I was way too close to the 1978 crash of an A-7D in Tucson, seeing the pilot eject as I rode a city bus a few blocks away.
A perfect response would have been to stop a safe distance behind the plane, turn on the hazard lights, get his ass out of the car, ask if anyone in the plane needs help, then call 911 and wait for emergency services to arrive.
Instead he showed typical motorist behaviour: hit the gas pedal and swerve around the incident while gawking at it and haw-hawing. Should have hit the horn a few times to make the full idiot bingo.
What if the light had changed 10 seconds earlier?
I was around when Southwest Flight 1455 overran the runway at Bob Hope Airport and crashed into the gas station on Hollywood Way about three miles north of where I’m standing, but since it happened on a Sunday, I didn’t happen to see it.
Yeah, remember the innocent days of early 2000?
It did not. That’s the important part.
Perhaps then the pilot would have just laid on the horn and flashed his brights.
Those things are way louder than a car horn. Just try riding in one without hearing protection.

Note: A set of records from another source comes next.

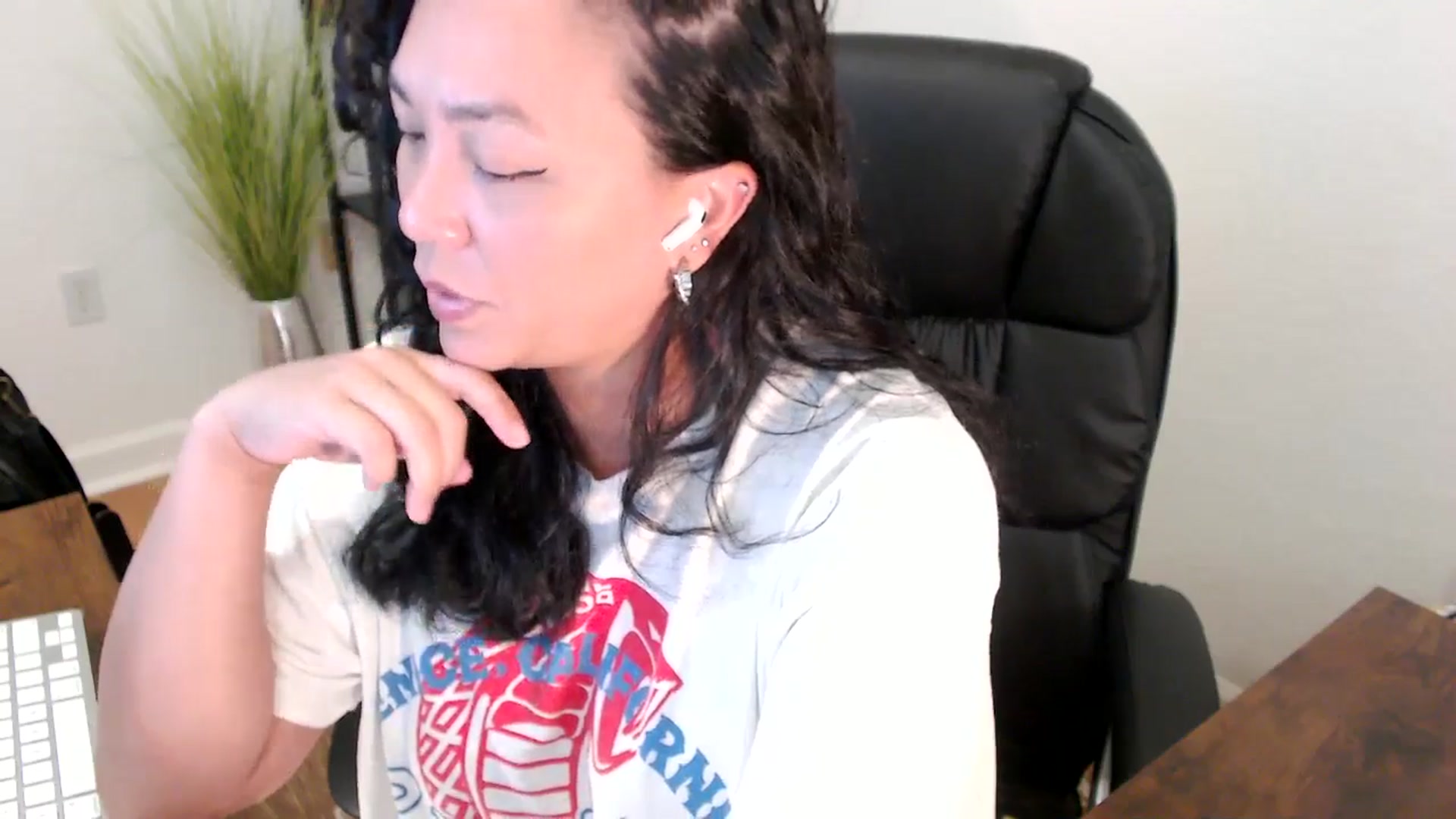 Gallery image thumbnail from MickaylaStar's myfreecams stream on, 05/05/2025, 17:09 image 13 of 20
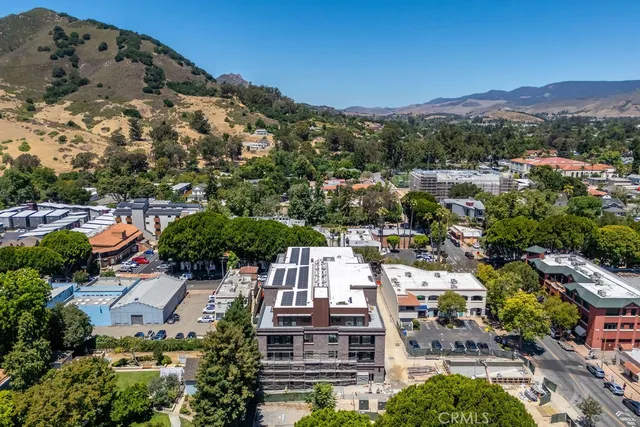 an aerial view of multiple house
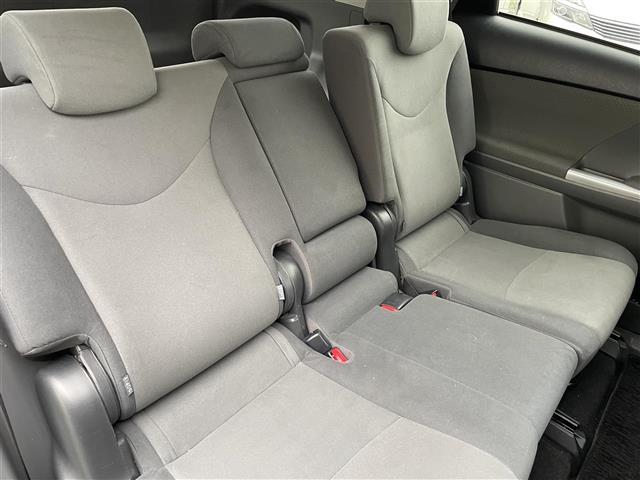 プリウスアルファ Ｓ　禁煙車／純正ナビ／ドアバイザー／ステアリングリモコン／ＥＴＣ／カーテンエアバック／オートエアコン／プッシュスタート（28枚目）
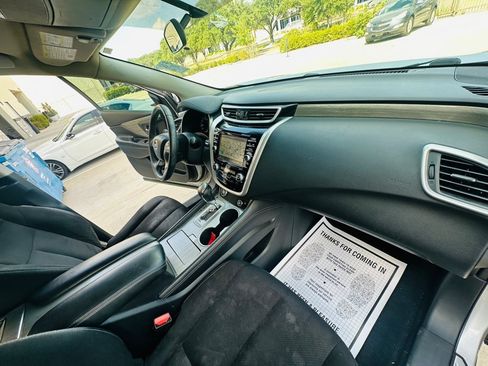 Used 2015 Nissan Murano SV FWD image 24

OTH An airplane makes a loud airplane noise, and a car horn goes HONK. So yeah.
Yup. Was kidding.
When the engine is running.
When it is dead, it sounds quite like a glider.
Even a 747 will make a glider-like sound without the engines. If the pilots weren’t trained on gliders, which is increasingly common in these days of cost cutting and immediate gratification, they are likely to freak out and screw up further.
That trope has been around since the silent era, but back then it was always a wino doing a double-take at some crazy chase passing by, looking at his bottle in surprise and then either taking a big pull from it or throwing it away and swearing off the sauce.
Considering (a) how much narrower city streets are than runways, and (b) how many vertical objects there are adjacent to city streets, this is an absolutely outstanding job of steely-eyed airmanship, and my goggles and scarf are hereby doffed in salute to the pilot.